Oh lettuce wraps… how we love you so. Lettuce wraps are so versatile and so tasty, not to mention very healthy! Using different types of lettuce not only provides a variety of nutrients but eliminates a lot carbs that breads and wraps have. This was our first time cooking the lettuce and having warm lettuce wraps. We decided to use kale as it has a very strong flavor plus loaded with nutrients. The kale leaves will be very soft so be careful when you are filling them. These will keep in the fridge for a few days so they are perfect to make ahead for tomorrow’s lunch. They can also be eaten cold. Makes 4 wraps
4 large kale leaves
½ cup chopped chicken, cooked
1 Tbsp cherries, diced
1 Tbsp apples, finely chopped
1 Tbsp onion, diced
1 tsp balsamic vinegar
¼ tsp sea salt
¼ tsp black pepper
- Fill a large stockpot half way with water and bring to a boil. Add in whole kale leaves and cook until soft, but still slightly tender.
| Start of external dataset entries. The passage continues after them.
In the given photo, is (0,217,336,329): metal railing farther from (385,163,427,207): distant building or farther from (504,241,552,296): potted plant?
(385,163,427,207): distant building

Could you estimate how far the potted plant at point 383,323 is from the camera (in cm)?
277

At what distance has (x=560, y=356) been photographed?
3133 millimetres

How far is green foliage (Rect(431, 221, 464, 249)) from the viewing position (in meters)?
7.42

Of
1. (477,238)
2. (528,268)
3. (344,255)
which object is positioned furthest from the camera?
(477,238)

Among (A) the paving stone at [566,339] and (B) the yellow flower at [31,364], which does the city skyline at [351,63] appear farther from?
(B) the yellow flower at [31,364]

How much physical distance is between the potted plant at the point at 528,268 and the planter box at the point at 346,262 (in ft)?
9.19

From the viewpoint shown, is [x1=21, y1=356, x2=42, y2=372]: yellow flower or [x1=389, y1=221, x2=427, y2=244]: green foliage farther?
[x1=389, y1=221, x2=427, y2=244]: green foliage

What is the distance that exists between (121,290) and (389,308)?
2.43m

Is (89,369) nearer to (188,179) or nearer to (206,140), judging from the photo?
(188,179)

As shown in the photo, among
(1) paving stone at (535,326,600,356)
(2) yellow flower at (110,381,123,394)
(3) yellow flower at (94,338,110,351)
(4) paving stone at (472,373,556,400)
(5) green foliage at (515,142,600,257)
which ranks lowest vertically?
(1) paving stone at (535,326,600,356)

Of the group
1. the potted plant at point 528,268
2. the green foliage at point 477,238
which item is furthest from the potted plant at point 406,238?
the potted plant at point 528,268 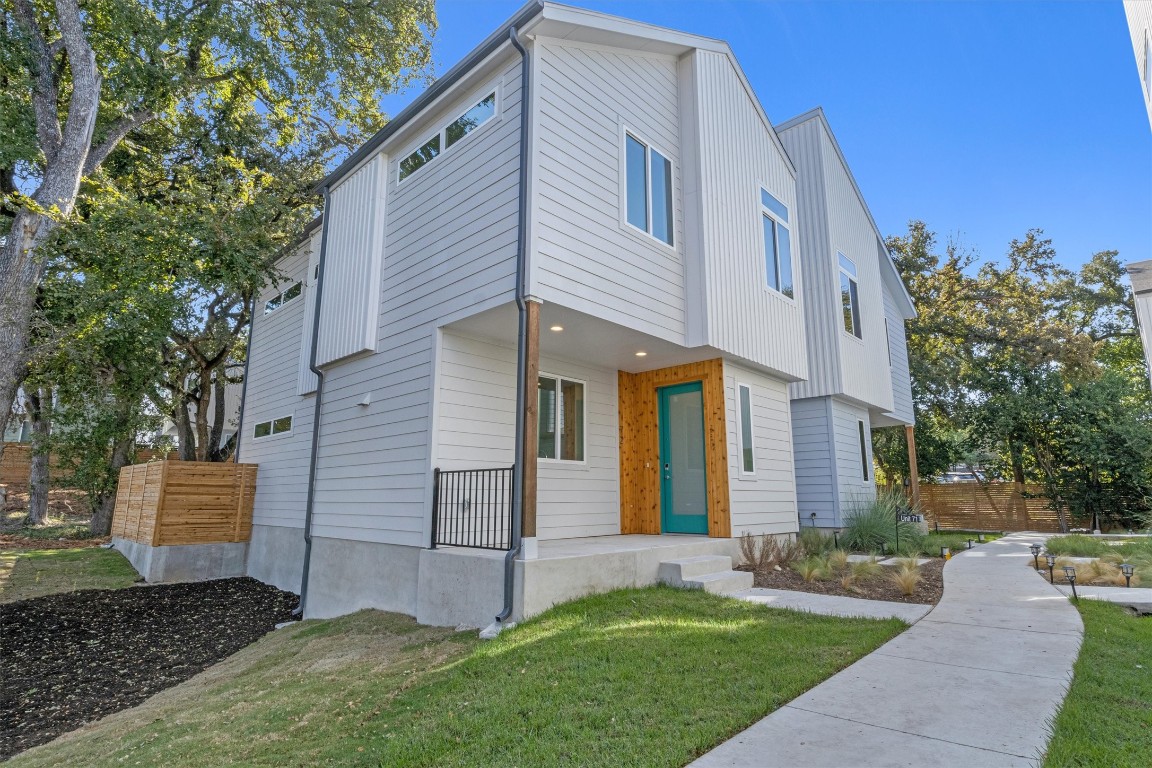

You don’t want them to fall apart while pulling them out.
- While kale is cooking, combine remaining ingredients in a small bowl and mix together.
- Gently remove kale leaves from water and fill with ¼ of the chicken mixture.
- Carefully roll up kale and secure with toothpick if desired. Sprinkle rolled wraps with additional salt and pepper if desired.